Matt Damon plays Army chief warrant officer Roy Miller, whose team of (heavily armed) inspectors moves from site to site searching for WMDs, taking casualties, and coming up with doughnut holes. Pissed off, he accosts an administration tool (Greg Kinnear—is he meant to be Paul Bremer? Doug Feith?) who insists that the intel is dandy and prepares for the ultimate coup: outlawing Saddam’s Baath Party and disbanding the Iraqi military. So Miller goes rogue and joins forces with a CIA vet (Brendan Gleeson) who sees Iraq exploding into civil war if the Baathists are banished. You might charge Brian Helgeland’s script (inspired by Rajiv Chandrasekaran’s nonfiction account, Imperial Life in the Emerald City) with twenty-twenty hindsight, except the book and doc prove that back in 2003 those warnings were expressed—and suppressed. And even the foresight should’ve been twenty-twenty: A 6-year-old with glaucoma couldn’t have missed the coming conflagration. Green Zone is a slam-bam piece of muckraking and, to my mind, dead-on in its depiction of a traumatized Iraqi populace, a criminally misused American military, and a U.S.-backed charlatan (Ahmed Chalabi by another name) who smugly believes he can ease into leadership. But it’s also rather tawdry. The climax is as ludicrous as any Jack Bauer adventure, and Greengrass is always on shaky ground. Literally. As in his Bourne movies, his handheld camera shimmies and swerves, using battlefield vérité to drive home the faux realism. In the Greengrass zone, there’s no time or space for the quiet revelation, the offhand but crystalline detail that transcends the melodramatic agenda. It’s only the adrenaline-inducing techniques that conceal the lack of imagination.
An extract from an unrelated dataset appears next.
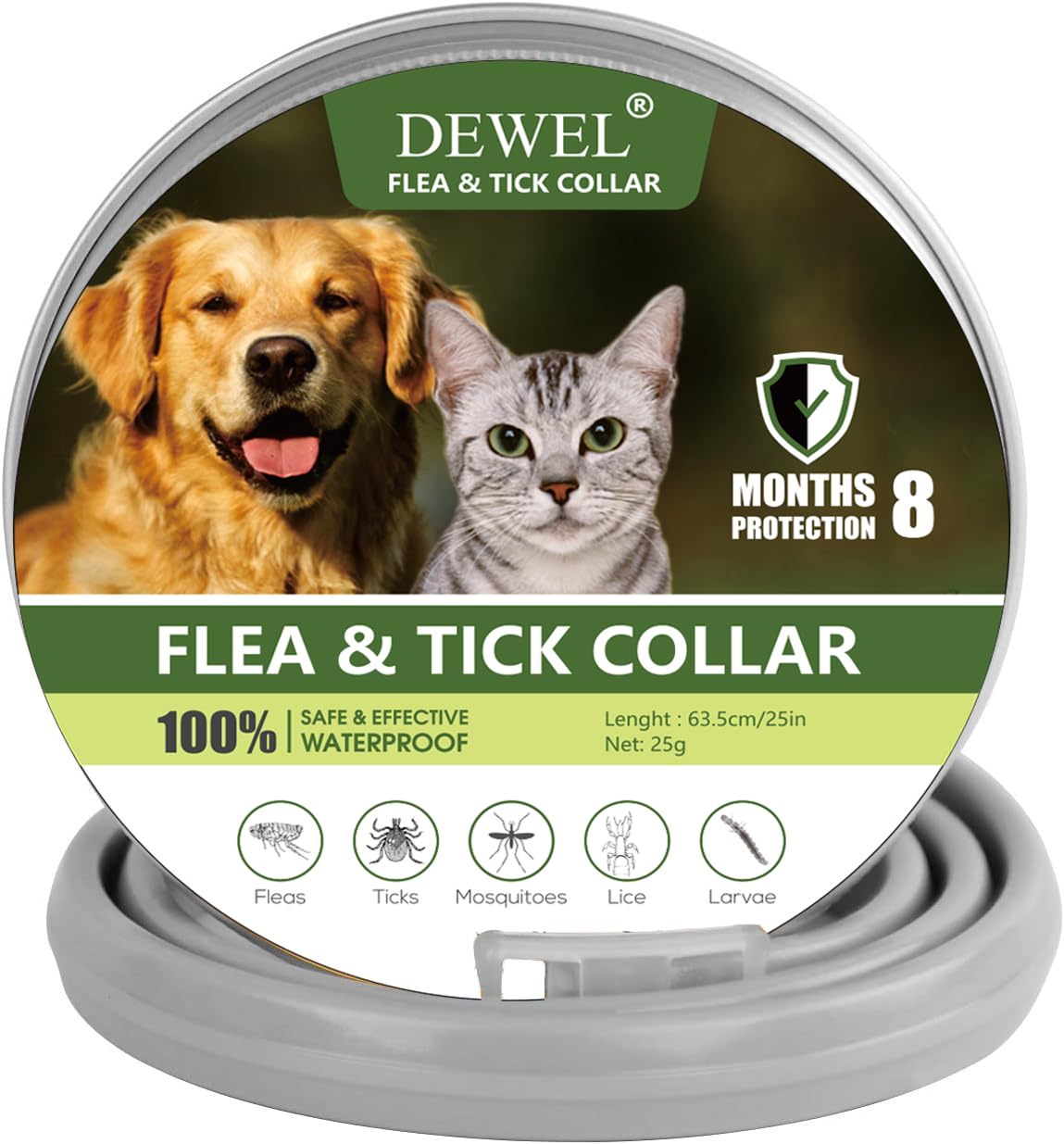 DEWEL Collar Antiparasitario para Perros y Gatos, Collar para Proteger a Mascotas de Pulgas y Garrapatas por 6-8 Meses, Collar Antipulgas Natural y Ajustable de 63 cm Gris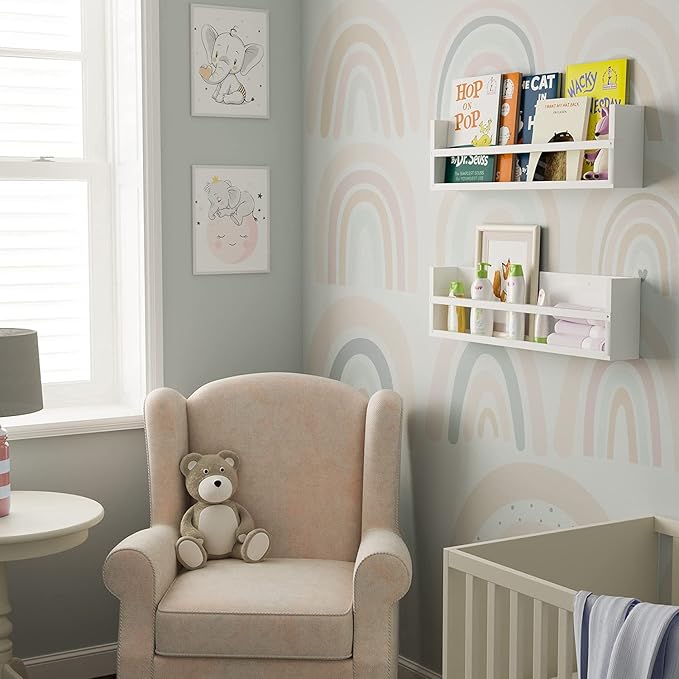 Brightmaison Polynez 30" Floating Shelves for Nursery & Kids, Multiuse Wall Shelf Set of 2 Wood Floating Shelf White-CubbioJoy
And it’s only Damon’s credible, low-key acting that keeps the final twist involving a Baathist general and a reporter (Amy Ryan) clearly modeled on the New York Times’ Judith Miller (she’s identified as from The Wall Street Journal) from seeming as preposterous as it is. Ryan’s Lawrie Dayne is rattled at the thought that she’d been fooled by a Pentagon-staged farce involving a top-secret informant—a marked contrast to the real Miller, who defended her credulous reporting and loved her some Chalabi. A Hollywood touch: She’s pleased at the thought of Roy Miller spilling the beans instead of monomaniacally asserting—like so many others in those dark years—that the catastrophic course must be stayed. Even Greengrass can’t do justice to the perfidy of everyone involved.
The Runaways
Apparition.
R.
Green Zone
Universal Pictures.
R.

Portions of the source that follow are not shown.